The United States Postal Service (USPS) announced a loss of 2 billion dollars for the 3rd quarter of 2014 alone. This is an improvement upon the 15.9 billion it lost in fiscal year (FY) 2012, but it’s not enough. After years of failing to become solvent, it’s time to have an honest discussion about the realities of ending the government-run legal monopoly of the postal service.
One thing is obvious after USPS reported a quarterly loss for the 21st time in 23 quarters – elected politicians often do not make good businessmen. Since 1971, the US Postal Service was intended to be a revenue-neutral and self-sufficient federal agency, meaning it is supposed to operate without taxpayer dollars. After losing 5.1 billion in FY 2011, 15.9 billion in FY 2012, and 5 billion in FY 2013, the fairytale of the self-sustaining government agency without taxpayer subsidies is eroding, and Congress bears much of the blame.
In 2006, Congress mandated that USPS prefund health benefits for future retirees for the next 50 years (some say 75 years) within a 10 year period. Creating such a multi-billion dollar trust fund is quite the burden, and it has added to USPS’s woes. It accounts for large portions of the deficits that the Postal Service has run over the years but not all of them.
The mail service is rapidly becoming less relevant due to technological advances. 40% of the world’s postal volume is delivered by USPS, but mail delivery in general is dwindling. From 2003 to 2013 the US Postal Service’s total mail volume dropped by 43.7 billion pieces of mail and revenue declined by 2.5 billion dollars. Despite multiple stamp price increases, which saw rates rise from 37 cents in 2003 to 46 cents in 2013, the budget isn’t balancing. In 2014, the price jumped to 49 cents per stamp, but this looks to be another year in the red.
The United States Postal Service has more retail locations than any other business in the US. Four out of five of these post offices are losing money, but Congress forbids the closure of a post office solely on the basis of it losing money. USPS leadership decided to close 3,200 post offices in 2009, which may have led to substantial savings. Two years later, only 80 of the 3,200 post offices had closed, largely because Congress refused to permit many of these closures. In 2011, USPS brass identified 3,700 locations they intended to close, and by 2012, only 237 had shuttered. The US Postal Service has made other efforts to balance its budget. The total number of career employees, delivery routes, and vehicles has decreased, and in 2011, it was proposed that Saturday mail delivery should cease. This directive was initially delayed, and now, it doesn’t appear that Congress will approve the plan.
The push for some form of postal privatization and the introduction of competition has been around for years, and while this is contentious, it’s not outside of the realm of possibility. In fact, many European countries have already privatized their postal services to an extent, which has introduced increased competition. There are some complaints that private competing postal firms do not follow uniform standards, postage rates have increased, and some postal locations have closed.
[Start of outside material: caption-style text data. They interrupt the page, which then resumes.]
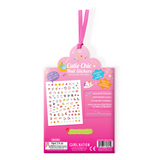 Girl Nation GN-J1055 Autocollants pour ongles - Crois en la magie - Girl Nation vendu par Veille sur toi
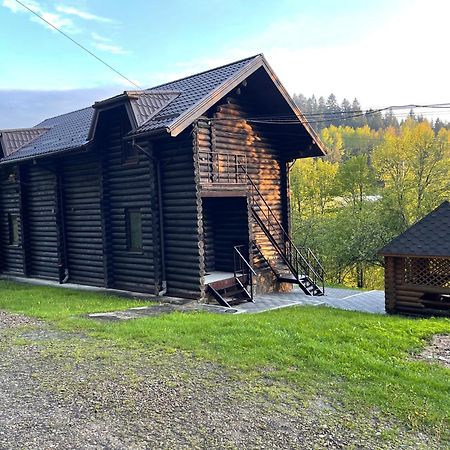 Karpatskyy Villa Rozluch Luaran gambar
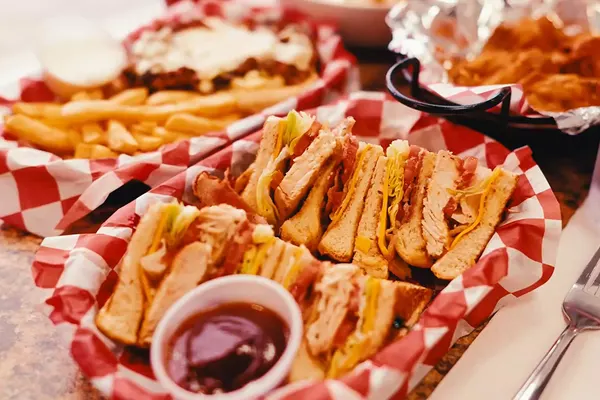 Deep South Cheese and Grill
A major concern from privatization opponents is that rural areas will be underserved because certain locations will not be profitable. However, a study by the Hoover Institute revealed that ending monopolized postal service doesn’t lead to limited coverage of rural areas. It actually provides an incentive to provide universal service in a competitive market.
Additionally, reports show that the benefits of privatization are striking. Posts generally become more profitable, modernized, and some even expanded into foreign markets. Postal privatizations in many countries have been remarkably successful. Since beginning the privatization process, Sweden and the Netherlands have become the most highly efficient postal services in Europe. Australia began to deliver mail in a timelier manner. Germany saw increased productivity and expanded internationally and into new business arenas, and after partial privatization in New Zealand, postage rates declined and productivity increased.
Former Postmaster General William Henderson was right when he said, “What the Postal Service needs now is nothing short of privatization.” To become revenue-neutral, difficult decisions will have to be made about USPS’s workforce, capital, products, and business plan. However, the Postal Service doesn’t have the freedom to innovate and adapt to a changing market or have the ability to shed the fat from its operation. Congress and USPS bureaucrats are essentially roadblocks that will prevent the meaningful and bold decisions that are needed to make it function properly. The only way to let the Postal Service thrive is to reduce or entirely remove government control and introduce private competition. Privatization will morph America’s postal system into a streamlined and efficient business with the consumers in mind.